Between 2005 and 2008, the average price per square foot of land was $84.14, numbers from commercial real estate services firm CB Richard Ellis show.
Since 2008, that figure has climbed to $153.39 per square foot.
“Developable land within the Greenbelt is in short supply. There is little to none left,” says Nico Zentil, a senior sales associate at CB Richard Ellis.
He says the industry tends to look closer at the price per unit, or the cost per square foot of buildable space on a site, in evaluating the value of a land parcel.
Since 2008, developers have been paying an average of $22,963 per unit in terms of land costs. That’s stayed relatively constant over the preceding three years, suggesting developers are paying higher prices for raw land, but are offsetting those costs by building higher-density projects.

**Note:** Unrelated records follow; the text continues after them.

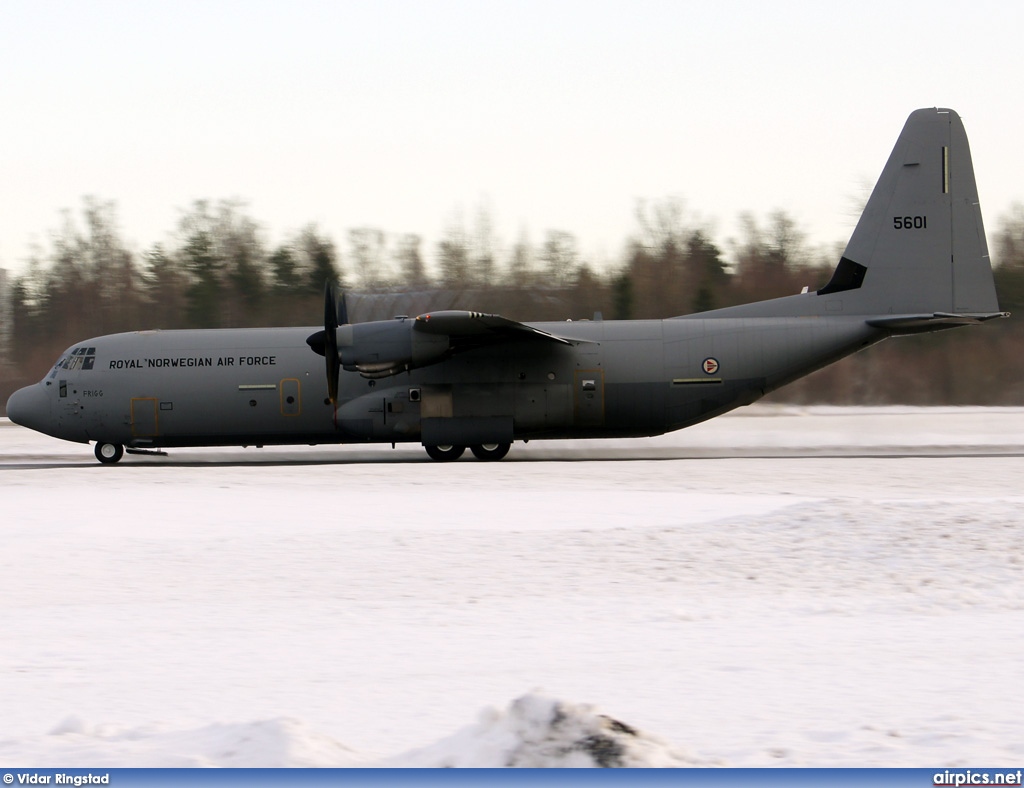 5601, Lockheed C-130J-30 Hercules, Royal Norwegian Air Force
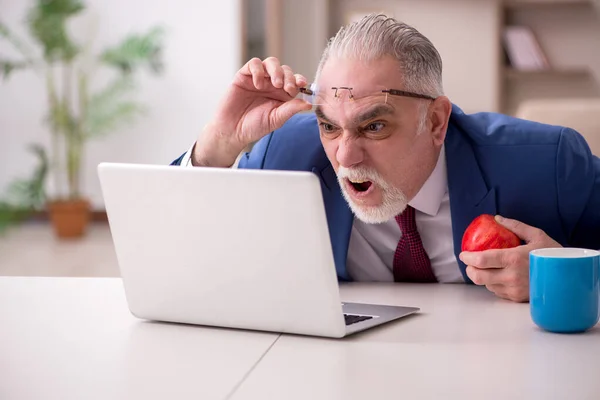 Old male employee working from home during pandemic — Stock Photo, Image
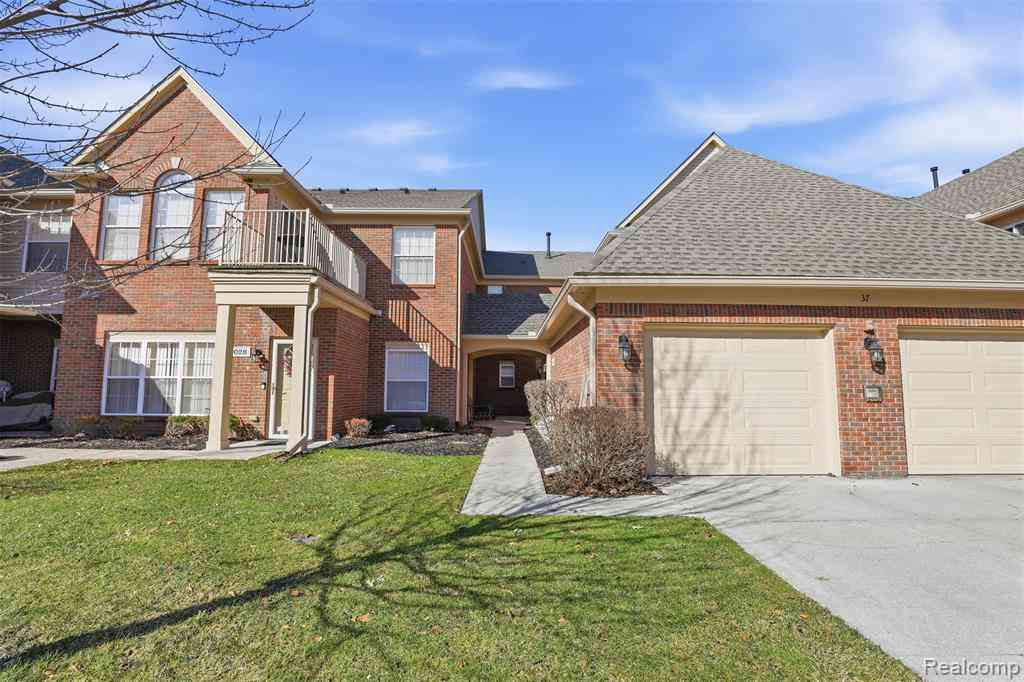 Condo For Sale - 4016 Cornerstone Drive <br/> Canton, MI 48188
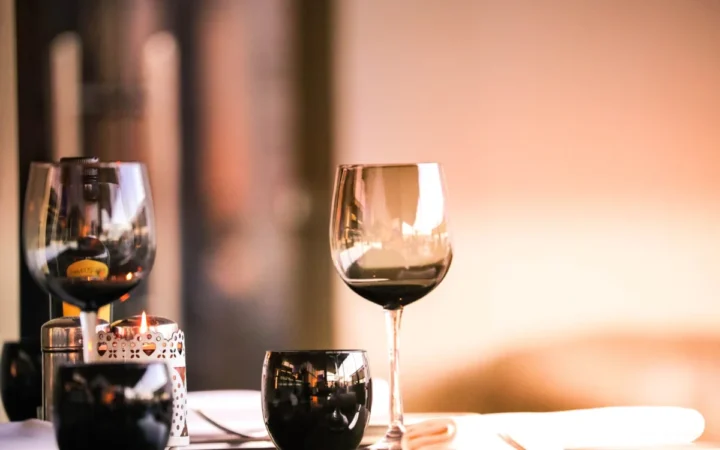 Restaurantele din România pierd clienți și înjumătățesc meniurile din cauza crizelor economice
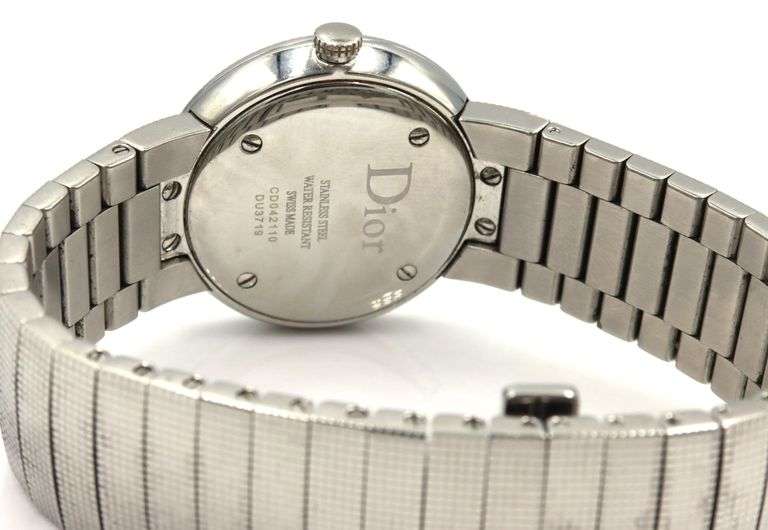 Dior La D De Dior 33mm quartz watch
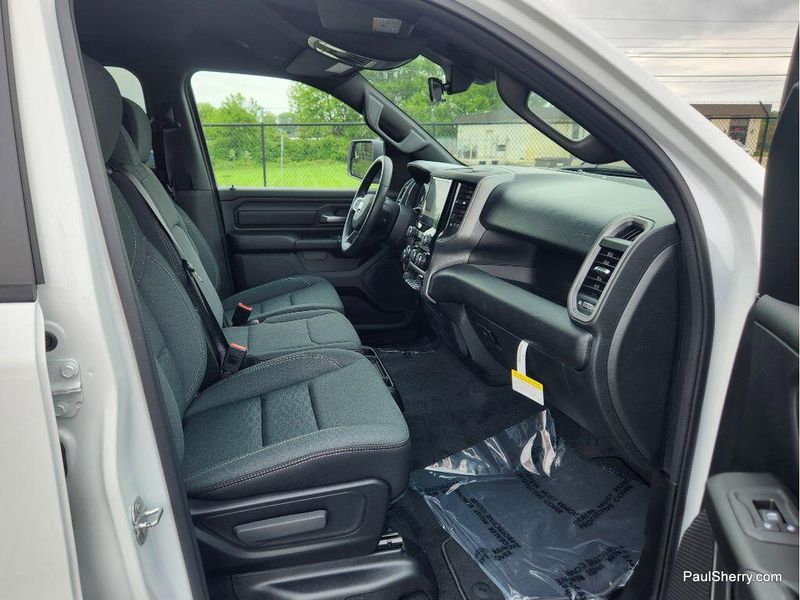 New 2026 RAM 1500 Express Crew Cab 4x4 5'7' Box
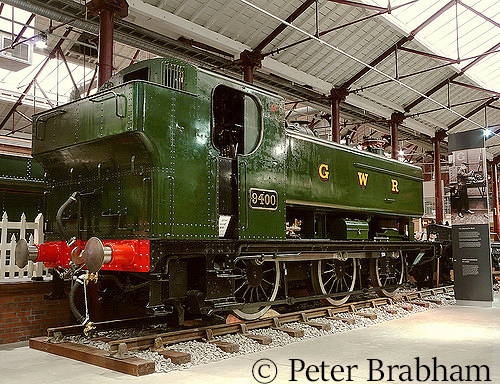 This image has an empty alt attribute; its file name is 9400-at-steam-at-swindon-may-2008.jpg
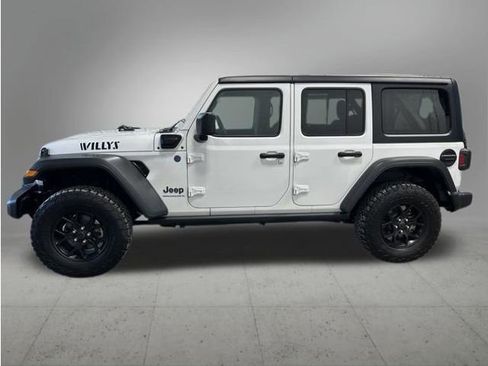 Used 2024 Jeep Wrangler Unlimited AWD/4WD image 2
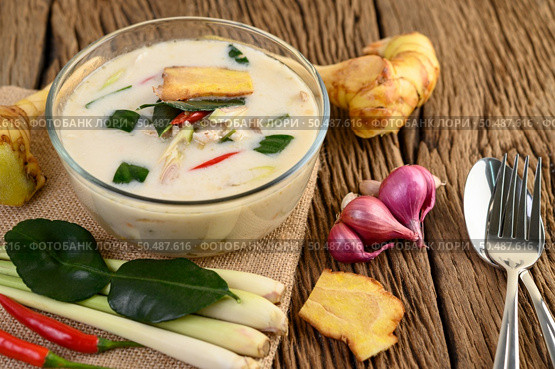 Tom Kha Kai in a bowl with kaffir lime leaves, lemongrass, red onion, galangal and chilli. Стоковое фото, агентство Ingram Publishing / Фотобанк Лори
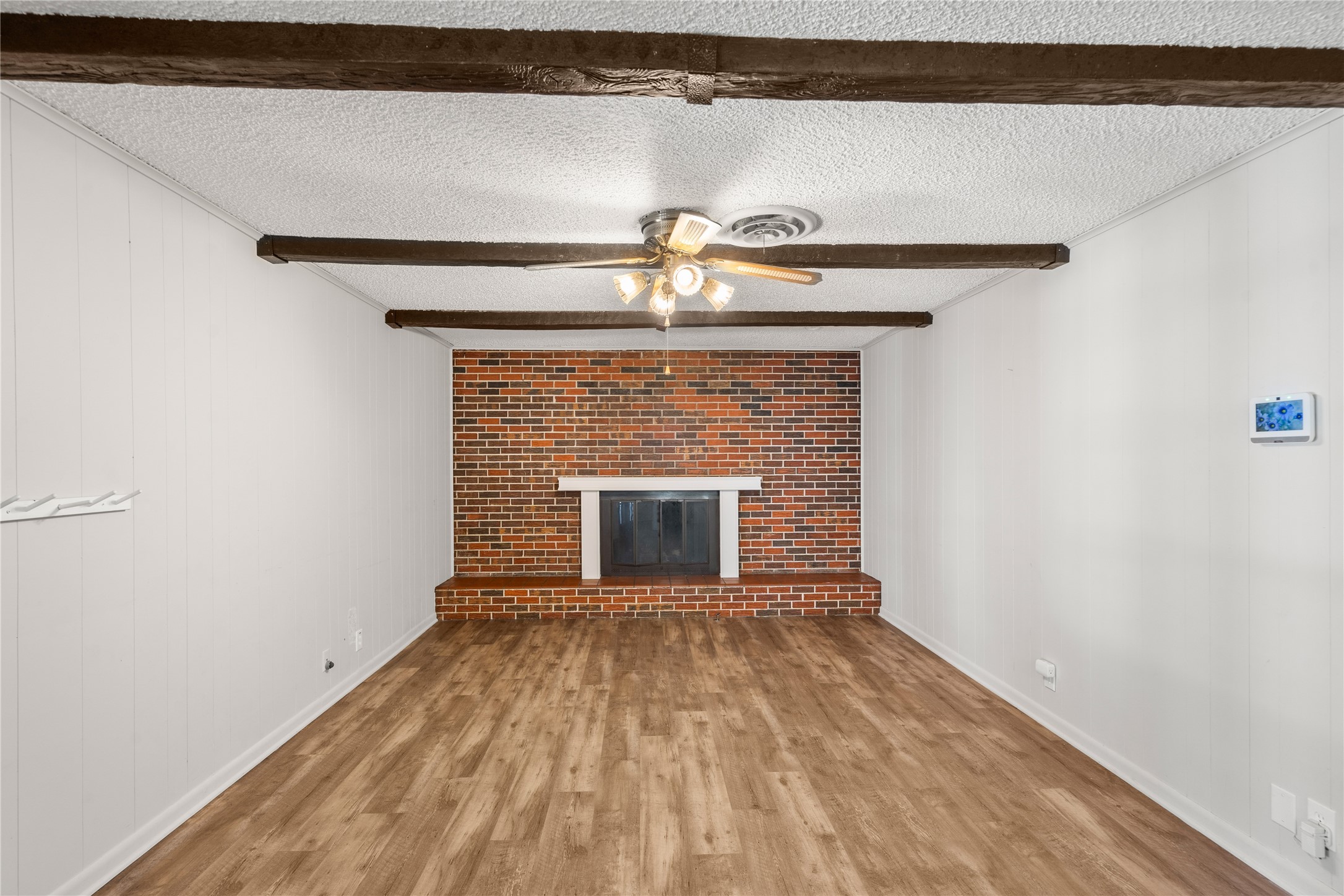 100 Paint Brush Road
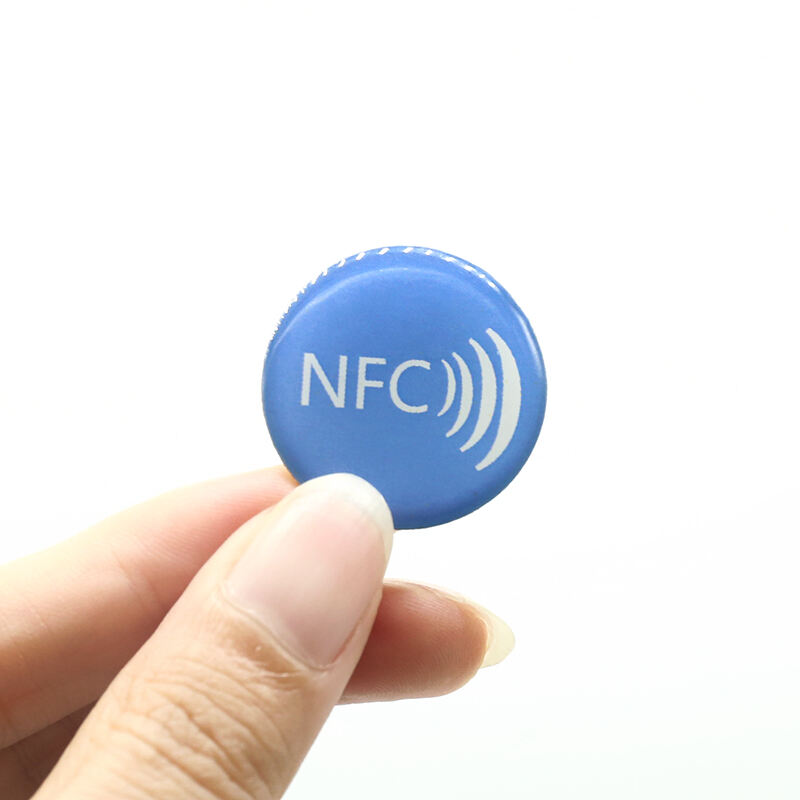 NFC epoxy tags RFID NFC round pvc tags waterproof beautiful social media nfc cards for sticking on mobile phone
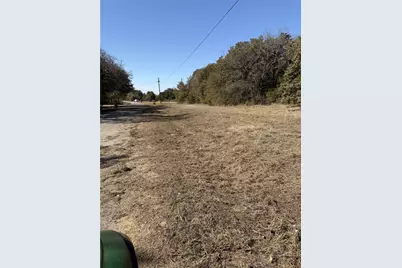 3009 Rolling Oaks Drive, Cleburne, TX 76031 - Photo 3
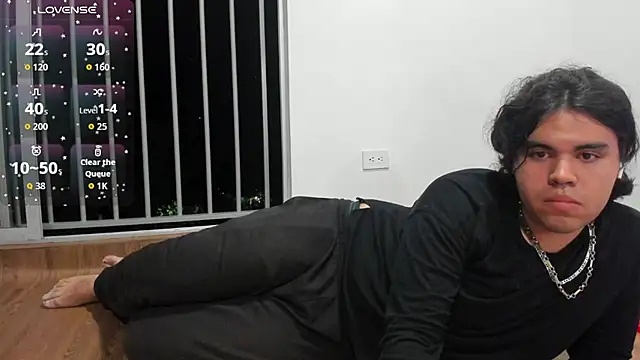 Lady Evelynn online show from December 5, 12:48 am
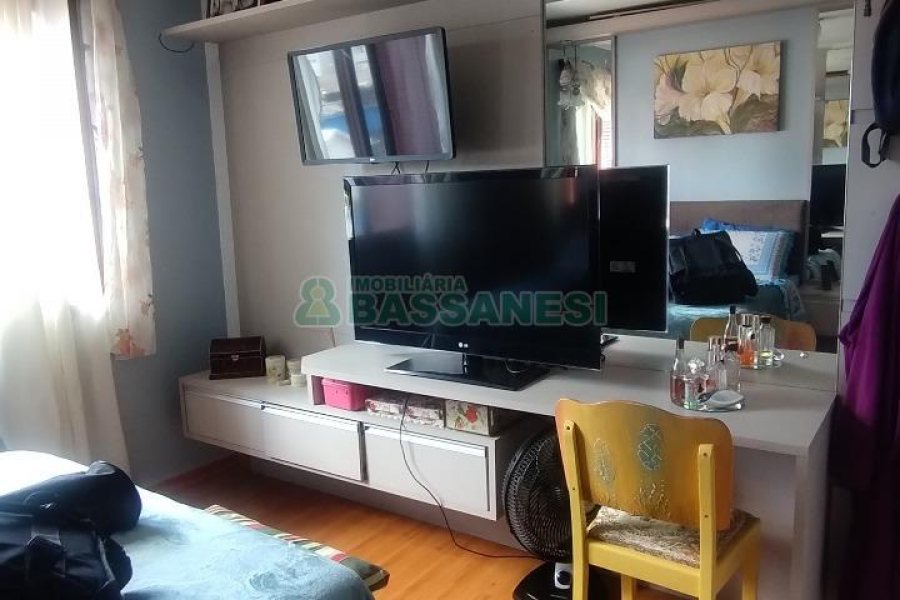 Apartamento com 78m², 2 dormitórios, 1 vaga, no bairro Medianeira em Caxias do Sul para Comprar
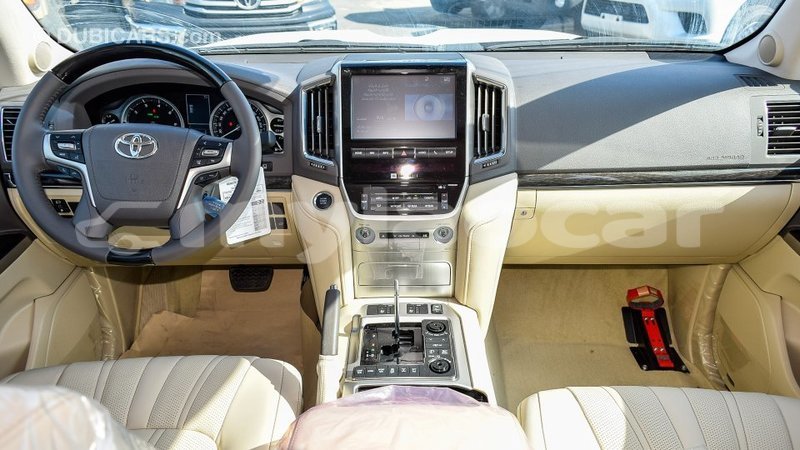 Big with watermark toyota land cruiser attapeu province import dubai 2147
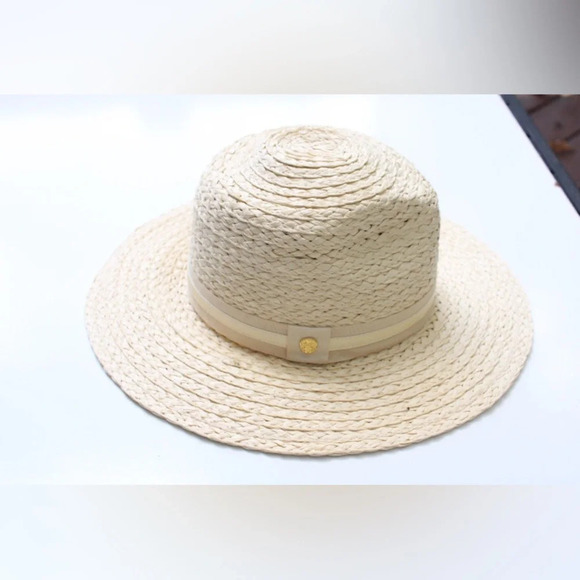 Beautiful Vince Camuto hat - Picture 4 of 10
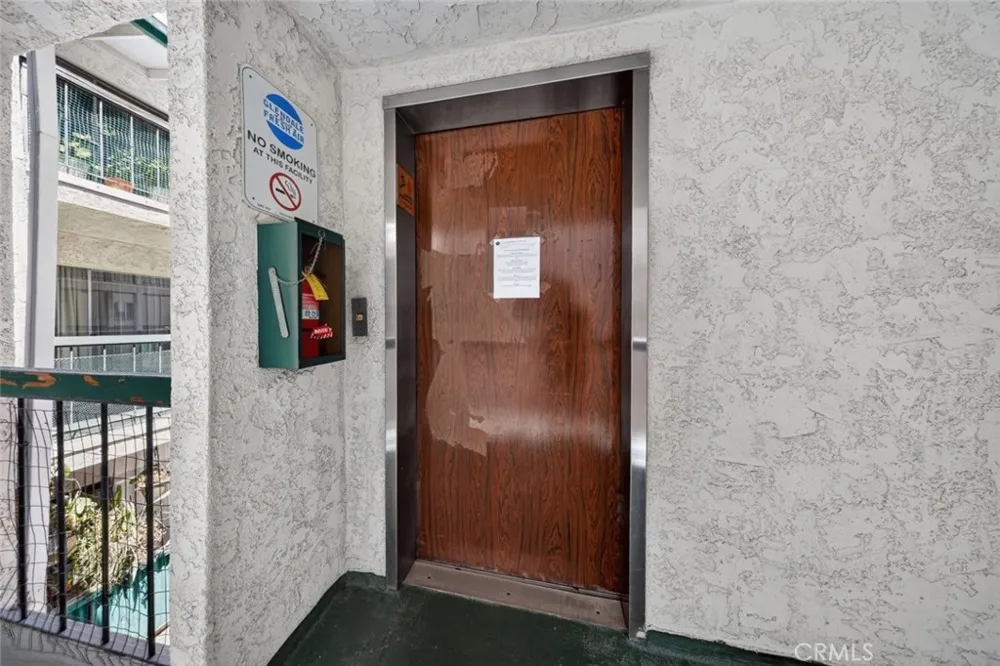 333 Burchett Street #206 Glendale, CA 91203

Zoning plays a major role in determining land values. Industry observers have lamented the difficulty in predicting the future density of a site, as development proposals are frequently rejected by city council. However, the Ontario Municipal Board often overrules those local decisions.
Mr. Zentil says vendors who want top dollar for their land must often take the property through the rezoning process prior to sale, or sell it at a 10- to 25-per-cent discount to an investor who will take on the risk.
Across the city, CB Richard Ellis says there is an “unprecedented” demand for condominiums. Given the low level of existing supply, the firm expects the market to absorb these units without saturation.
Part of this demand is coming from retail investors, who are purchasing roughly one out of every five new condominiums to lease or rent out.
With 25 condominium projects either pre-sold or under construction, and another 26 additional projects under construction, an increasing number of out-of-town investors and developers are taking notice of the Ottawa market.
“There are groups sitting on the sidelines looking for a conduit into this marketplace because they see good opportunity here,” he says.